Chapter 3, "Understanding Regular Expression Syntax", describes UNIX regular expression syntax in full detail. New users are often intimidated by these strange expressions, used for pattern matching. It is important to master regular expression syntax to get the most from sed and awk. The pattern-matching examples in this chapter largely rely on grep and egrep.

Chapter 4, "Writing sed Scripts", begins a three-chapter section on sed. This chapter covers the basic elements of writing a sed script using only a few sed commands. It also presents a shell script that simplifies invoking sed scripts.

Chapter 5, "Basic sed Commands", and Chapter 6, "Advanced sed Commands", divide the sed command set into basic and advanced commands. The basic commands are commands that parallel manual editing actions, while the advanced commands introduce simple programming capabilities. Among the advanced commands are those that manipulate the hold space, a set-aside temporary buffer.

Chapter 7, "Writing Scripts for awk", begins a five-chapter section on awk. This chapter presents the primary features of this scripting language. A number of scripts are explained, including one that modifies the output of the ls command.

Chapter 8, "Conditionals, Loops, and Arrays", describes how to use common programming constructs such as conditionals, loops, and arrays.

Chapter 9, "Functions", describes how to use awk's built-in functions as well as how to write user-defined functions.

Chapter 10, "The Bottom Drawer", covers a set of miscellaneous awk topics. It describes how to execute UNIX commands from an awk script and how to direct output to files and pipes. It then offers some (meager) advice on debugging awk scripts.

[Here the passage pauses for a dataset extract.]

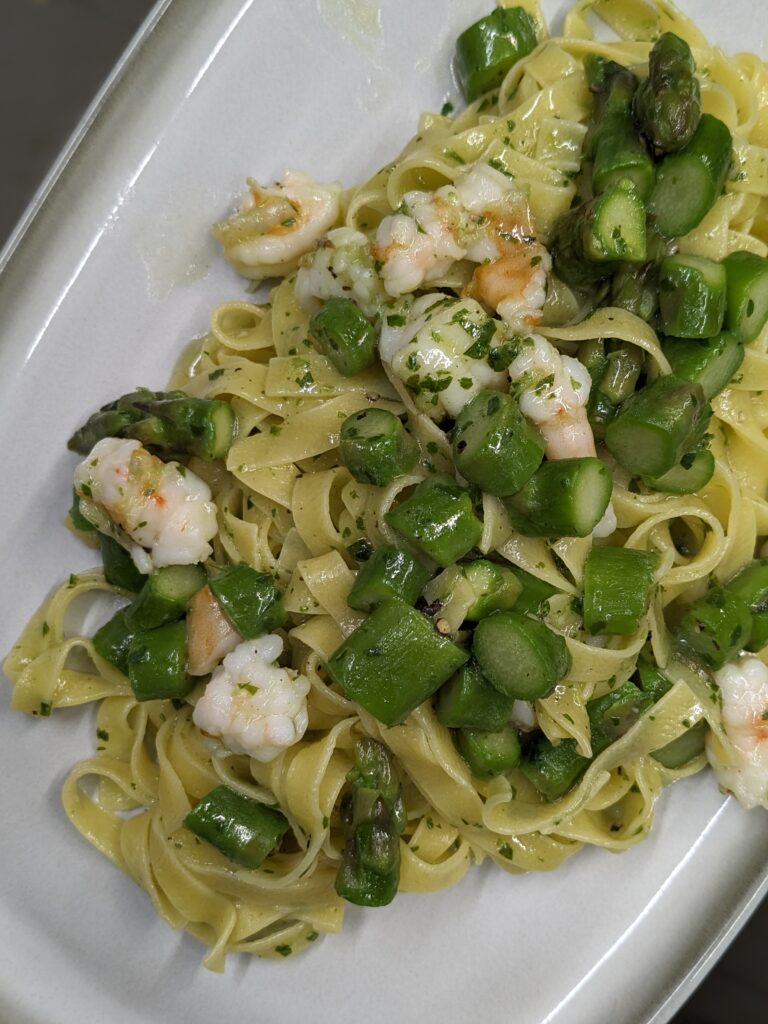 Tagliatelle asparagi e gamberetti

Chapter 11, "A Flock of awks", describes the original V7 version of awk, the current Bell Labs awk, GNU awk (gawk) from the Free Software Foundation, and mawk, by Michael Brennan. The latter three all have freely available source code. This chapter also describes two commercial implementations, MKS awk and Thomson Automation awk (tawk), as well as VSAwk, which brings awk-like capabilities to the Visual Basic environment.

Chapter 12, "Full-Featured Applications", presents two longer, more complex awk scripts that together demonstrate nearly all the features of the language. The first script is an interactive spelling checker. The second script processes and formats the index for a book or a master index for a set of books.

Chapter 13, "A Miscellany of Scripts", presents a number of user-contributed scripts that show different styles and techniques of writing scripts for sed and awk.

Appendix A, "Quick Reference for sed", is a quick reference describing sed's commands and command-line options.

Appendix B, "Quick Reference for awk", is a quick reference to awk's command-line options and a full description of its scripting language.

Appendix C, "Supplement for Chapter 12", presents the full listings for the spellcheck.awk script and the masterindex shell script described in Chapter 12, "Full-Featured Applications".